Onde quer que o teu pai esteja, ele há-de estar com o mesmo sorriso de sempre. Ler estas palavras vindas de um filho deve encher qualquer pai de orgulho.

Muito bonito mesmo este texto!

Bjs

Afgane disse...

Carracinha,
Muito Obrigado pelas tuas palavras, a homenagem é bem pequena comparada com a grandeza do homem que foi meu pai, quanto ao sorriso dele e aquela força de viver estão para sempre gravados no meu coração.
Beijos

Diabba disse...

Tenho uma história parecida com a tua, tive um pai parecido com o teu, o mesmo brilho, os mesmos olhos de mel, o mesmo amor.
Mas não quero falar nisso, doi.

beijo d'enxofre

Teresa disse...

Eis um texto que eu não posso comentar. Demasiado pessoal.

Um Pai é sempre uma figura marcante. O meu também já morreu. Não gosto de falar disso.

Afgane disse...

Diabba,
Como tiveste um pai parecido com o meu sabes que é alguém que nos marca para a vida inteira. A mim não me dói falar nisso, o que me dói é recordar tantas vezes e tantas coisas sabendo que já não o tenho comigo, só no coração e na memória.
Beijos

Afgane disse...

Querida Teresa,
Compreendo e respeito a sua dor. O meu texto é mais uma homenagem que eu senti necessidade de fazer, é como se falasse comigo mesmo.
Beijos

Carracinha Linda! disse...

Olá Afgane!

Obrigada pelas bonitas palavras que lá deixou.

Dói mas não mata. Grande lema. E verdadeiro também!
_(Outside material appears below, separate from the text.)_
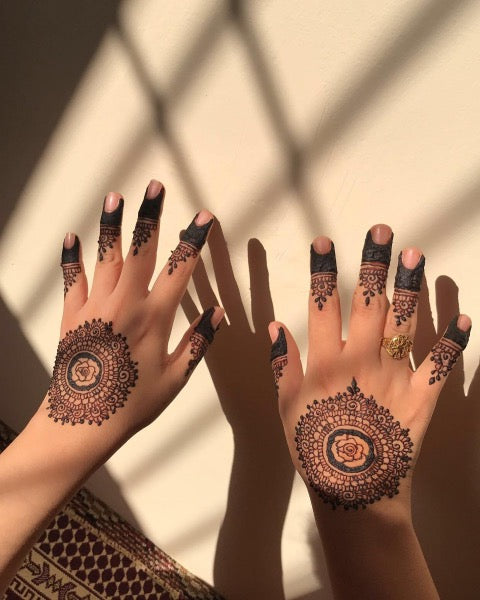 Henna Hand Tattoo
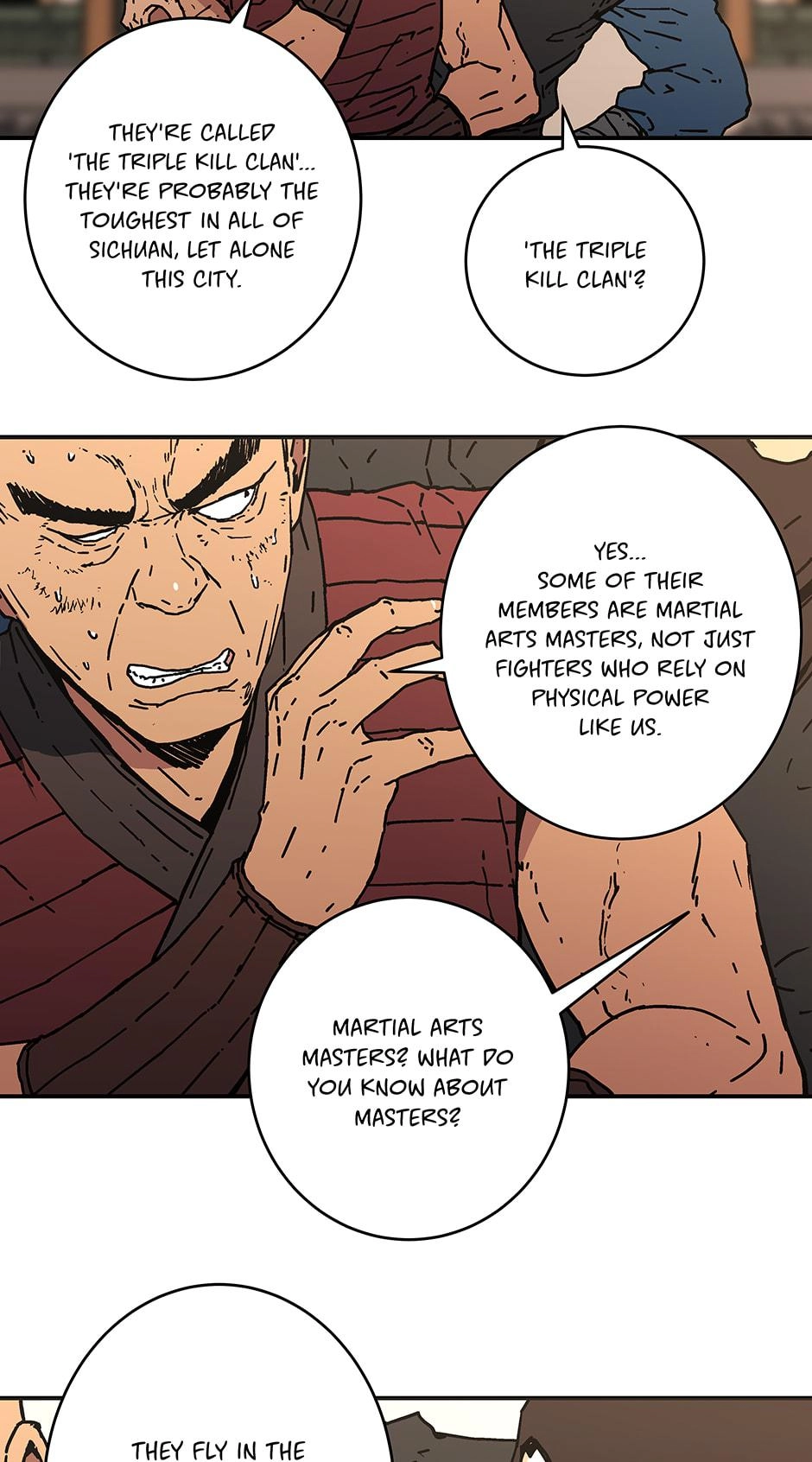 Peerless Dad Chapter 108 Page 9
Mais uma vez: obrigada!!!!!

Bjs

Sandokan disse...

Não haja dúvida nenhuma que um pai marca sempre uma pessoa. E como gosto tanto do meu pai!!!!
Parabéns pela tua bela narrativa.

Deixo-te este meu poema:

A casa está vazia.
Subo as escadas e tu apareces,
às vezes,
com as cores do Outono.
Vejo um vulto, és tu
que me deixas uma marca
sobre a minha palidez.

Já não queres aprender
com o passado e só preferes
gritar, chegar ao fim da vida
para então descobrir
que não viveste.

Já não falas e não te moves,
e no entanto a minha vida estremece,
assaltada pelos teus gemidos profundos.
O pranto cresce nas ruas da amargura
porque abandonas a terra,
olhando para trás.
Então,
agora vislumbras a beleza
e a alegria que nunca tiveste,
porque os medos em que viveste
te impediram de ser feliz.
Os meus dedos continuam a fechar
os olhos...
dos guerreiros mortos.

Quero agradecer, respeitosa e sinceramente, a todos aqueles que fazem do "nosso"
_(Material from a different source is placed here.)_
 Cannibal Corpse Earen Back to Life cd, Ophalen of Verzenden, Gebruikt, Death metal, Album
http://lusoprosecontras.blogspot.com

um ponto de encontro onde a Amizade, a Paz e o Bem nos fazem sentir e viver a vida com mais AMOR.

BEM-HAJAM!


Felicito-te, também, por me presenteares com este teu maravilhoso blogue. Gosto muito de aqui "ancorar".

Afgane disse...

Cara carracinha,
No que eu puder ajudar estou à disposição.
beijos

Afgane disse...

Sandokan,
Obrigado pela visita, pelo comentário e pelo poema, volte sempre.
Abraço

Ana disse...

Voltei para te avisar que foste "apanhado" numa corrente...lá no meu cantinho.

Bjs

Anónimo disse...

Linda homenagem, um homem inspirador.

LurdesMartins disse...

Bonita forma de se falar do Pai!
Confesso que me caíu uma lágrima...

Vim cá por curiosidade e gostei do que li!

Beijinhos

Afgane disse...

Lurdes,
Esta foi a forma que encontrei para homenagear o grande homem que foi meu pai, é o que sinto.
Obrigado pela visita
volte sempre

Anónimo disse...

faltou apenas uma coisa: o voltar a andar...

gostei muito.

Afgane disse...

Caditonuno,
Pois é ele nunca voltou a andar, mas garanto-lhe que em todos os momentos da sua vida nunca deixou de tentar e de acreditar. Na verdade é disso que é feita a vida tentarmos alcançar o sonho e acreditarmos que vamos conseguir. Pelo meio encontraremos muitas coisas mais que por vezes suplantam o próprio sonho.
Abraço

Pedro Arunca disse...

Tocou-me de tal modo que uma lágrima, teimosa, insiste e vence. Até que podia contar, aqui, em poucas linhas (paralelas?) e com algumas frases desfeitas outra história cujos intervenientes bem conheço... ~
Isto de blogar tem muito que se nos diga. Agora, fiquei a pensar no assunto. Lá irei...noutra oportunidade. Cá, voltarei com vontade.